We are doing a project designing a 5 staged pipelined CPU on RISC-V ISA, when designing the hazard detection unit and forwarding unit, instead of using the common datapath design, we design like this:
- When doing Instruction fetch, fetch 3 instructions instead of one to "peek" if there's need to forwarding or store.
- Since it would need to fetch three instructions from RAM, at start of a program, it would take 3 cycles to fetch three instructions. Then we store them at three registers. Then next IF stage, we would only need to fetch 1 instruction since the other two are already stored in the register.
- We can decide control signals for the instructions at the decoder and they are passed to the next stage.
We are using FPGA to implement the CPU, I wonder if there are any deficts in this design.
-
1\$\begingroup\$ Please clarify your specific problem or provide additional details to highlight exactly what you need. As it's currently written, it's hard to tell exactly what you're asking. \$\endgroup\$Community– Community Bot2024年05月16日 05:34:43 +00:00Commented May 16, 2024 at 5:34
1 Answer 1
You titled the question "Problem with 5-staged pipeline CPU design". Yet you don't describe any problems, just a hypothetical design, without providing any information of what the specifications for the core are. All you've said is that it should be a 5-stage pipelined implementation. Presumably this implies that on straight-line code it should retire one instruction per cycle. So, if that's all you need to comply with, then as long as you retire at that speed, you're OK with any design :)

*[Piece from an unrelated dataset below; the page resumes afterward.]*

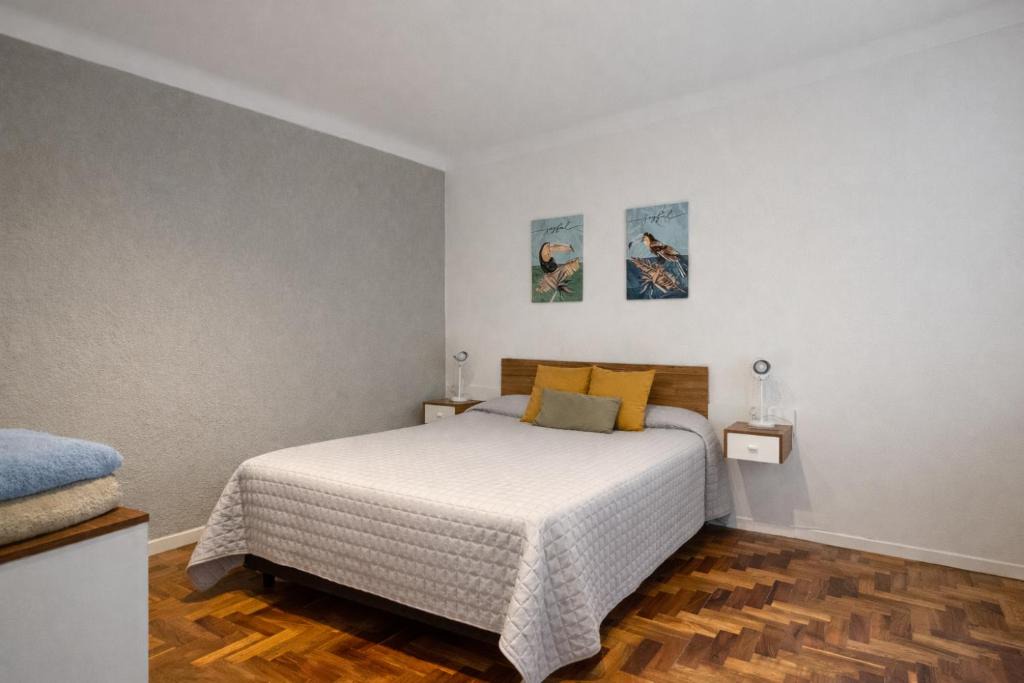 Boulogne Apartment | Ana Rent Departamento Moderno, Equipado full ,en San Isidro punto medio Tigre River y Tecnopolis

I wonder if there are any deficits in this design.
It depends on what the specifications of the processor you are designing are.
There are only deficits if your design doesn't meet the specifications and criteria of the assignment. And you didn't share those with us.
at start of a program, it would take 3 cycles to fetch three instructions
To have your logic work, there always need to be at least 3 instructions in the prefetch buffer. Anytime the buffer empties, there will be a latency to load it. You can make the memory interface 4 words wide, and then filling the prefetch buffer from empty will take just one cycle. But, again, this depends on what you are allowed to do.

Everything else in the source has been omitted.